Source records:
········
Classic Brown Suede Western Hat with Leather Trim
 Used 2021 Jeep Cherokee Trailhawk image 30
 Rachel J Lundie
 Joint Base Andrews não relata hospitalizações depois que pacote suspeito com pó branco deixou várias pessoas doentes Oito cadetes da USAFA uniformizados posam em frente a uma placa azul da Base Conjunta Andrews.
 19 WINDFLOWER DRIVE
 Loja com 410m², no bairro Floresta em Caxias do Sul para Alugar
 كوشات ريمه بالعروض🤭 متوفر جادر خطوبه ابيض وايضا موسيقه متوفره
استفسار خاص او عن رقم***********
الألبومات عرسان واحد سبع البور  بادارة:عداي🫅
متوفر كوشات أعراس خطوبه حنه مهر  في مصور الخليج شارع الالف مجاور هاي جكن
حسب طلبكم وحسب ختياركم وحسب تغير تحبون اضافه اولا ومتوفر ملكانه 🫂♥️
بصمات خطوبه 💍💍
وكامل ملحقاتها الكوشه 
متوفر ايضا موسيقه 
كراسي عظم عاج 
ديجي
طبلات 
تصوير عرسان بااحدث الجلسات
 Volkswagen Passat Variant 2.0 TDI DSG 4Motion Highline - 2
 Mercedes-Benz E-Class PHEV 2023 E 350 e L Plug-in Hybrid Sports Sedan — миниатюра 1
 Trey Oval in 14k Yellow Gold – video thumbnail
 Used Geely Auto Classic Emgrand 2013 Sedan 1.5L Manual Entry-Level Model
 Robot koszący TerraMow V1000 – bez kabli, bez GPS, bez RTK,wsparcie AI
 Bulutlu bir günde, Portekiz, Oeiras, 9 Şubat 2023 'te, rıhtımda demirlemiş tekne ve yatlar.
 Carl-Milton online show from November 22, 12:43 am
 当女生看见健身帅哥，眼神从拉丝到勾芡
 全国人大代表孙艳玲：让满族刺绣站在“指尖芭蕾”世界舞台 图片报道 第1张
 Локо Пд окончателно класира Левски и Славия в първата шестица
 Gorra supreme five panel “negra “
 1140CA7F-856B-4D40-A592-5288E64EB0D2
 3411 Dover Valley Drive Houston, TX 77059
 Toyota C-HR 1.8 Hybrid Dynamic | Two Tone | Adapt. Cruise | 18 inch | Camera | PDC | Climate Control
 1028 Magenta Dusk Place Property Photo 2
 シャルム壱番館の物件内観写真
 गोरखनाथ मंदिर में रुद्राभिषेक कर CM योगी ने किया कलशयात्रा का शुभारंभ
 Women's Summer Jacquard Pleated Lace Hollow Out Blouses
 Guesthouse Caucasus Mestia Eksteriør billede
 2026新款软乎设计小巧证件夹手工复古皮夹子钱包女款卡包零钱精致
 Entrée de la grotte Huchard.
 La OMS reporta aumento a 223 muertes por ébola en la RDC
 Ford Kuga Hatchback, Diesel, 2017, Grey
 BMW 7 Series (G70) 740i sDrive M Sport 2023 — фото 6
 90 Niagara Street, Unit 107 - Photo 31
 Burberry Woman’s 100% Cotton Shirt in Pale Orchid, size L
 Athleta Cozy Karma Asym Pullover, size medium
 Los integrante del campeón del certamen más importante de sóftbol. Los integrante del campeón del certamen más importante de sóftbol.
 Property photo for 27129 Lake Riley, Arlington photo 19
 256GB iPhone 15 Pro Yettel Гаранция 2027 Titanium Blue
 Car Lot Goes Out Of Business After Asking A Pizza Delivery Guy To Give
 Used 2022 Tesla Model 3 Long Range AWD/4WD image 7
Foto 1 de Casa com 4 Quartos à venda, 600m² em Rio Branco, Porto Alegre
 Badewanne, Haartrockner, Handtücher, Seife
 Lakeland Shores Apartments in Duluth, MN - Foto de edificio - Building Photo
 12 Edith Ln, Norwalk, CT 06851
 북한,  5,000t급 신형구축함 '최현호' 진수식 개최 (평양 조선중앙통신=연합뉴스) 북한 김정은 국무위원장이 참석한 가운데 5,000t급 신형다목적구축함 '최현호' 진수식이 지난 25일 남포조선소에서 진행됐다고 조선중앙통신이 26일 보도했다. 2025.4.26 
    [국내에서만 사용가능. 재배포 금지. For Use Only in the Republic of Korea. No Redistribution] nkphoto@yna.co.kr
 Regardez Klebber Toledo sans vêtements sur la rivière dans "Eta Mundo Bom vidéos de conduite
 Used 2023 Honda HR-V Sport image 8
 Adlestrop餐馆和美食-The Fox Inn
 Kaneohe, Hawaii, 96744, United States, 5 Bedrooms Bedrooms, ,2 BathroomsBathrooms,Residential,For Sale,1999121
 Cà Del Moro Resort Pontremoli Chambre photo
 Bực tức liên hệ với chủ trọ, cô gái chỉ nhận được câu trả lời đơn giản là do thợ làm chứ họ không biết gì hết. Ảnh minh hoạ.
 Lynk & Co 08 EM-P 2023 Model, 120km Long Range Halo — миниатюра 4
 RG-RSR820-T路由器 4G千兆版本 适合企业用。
········
Look above for the line holding "كوشات ريمه بالعروض🤭". Print it and every line after it, exactly, through the line holding "1028 Magenta Dusk Place Property Photo 2".

Reply:
 كوشات ريمه بالعروض🤭 متوفر جادر خطوبه ابيض وايضا موسيقه متوفره
استفسار خاص او عن رقم***********
الألبومات عرسان واحد سبع البور  بادارة:عداي🫅
متوفر كوشات أعراس خطوبه حنه مهر  في مصور الخليج شارع الالف مجاور هاي جكن
حسب طلبكم وحسب ختياركم وحسب تغير تحبون اضافه اولا ومتوفر ملكانه 🫂♥️
بصمات خطوبه 💍💍
وكامل ملحقاتها الكوشه 
متوفر ايضا موسيقه 
كراسي عظم عاج 
ديجي
طبلات 
تصوير عرسان بااحدث الجلسات
 Volkswagen Passat Variant 2.0 TDI DSG 4Motion Highline - 2
 Mercedes-Benz E-Class PHEV 2023 E 350 e L Plug-in Hybrid Sports Sedan — миниатюра 1
 Trey Oval in 14k Yellow Gold – video thumbnail
 Used Geely Auto Classic Emgrand 2013 Sedan 1.5L Manual Entry-Level Model
 Robot koszący TerraMow V1000 – bez kabli, bez GPS, bez RTK,wsparcie AI
 Bulutlu bir günde, Portekiz, Oeiras, 9 Şubat 2023 'te, rıhtımda demirlemiş tekne ve yatlar.
 Carl-Milton online show from November 22, 12:43 am
 当女生看见健身帅哥，眼神从拉丝到勾芡
 全国人大代表孙艳玲：让满族刺绣站在“指尖芭蕾”世界舞台 图片报道 第1张
 Локо Пд окончателно класира Левски и Славия в първата шестица
 Gorra supreme five panel “negra “
 1140CA7F-856B-4D40-A592-5288E64EB0D2
 3411 Dover Valley Drive Houston, TX 77059
 Toyota C-HR 1.8 Hybrid Dynamic | Two Tone | Adapt. Cruise | 18 inch | Camera | PDC | Climate Control
 1028 Magenta Dusk Place Property Photo 2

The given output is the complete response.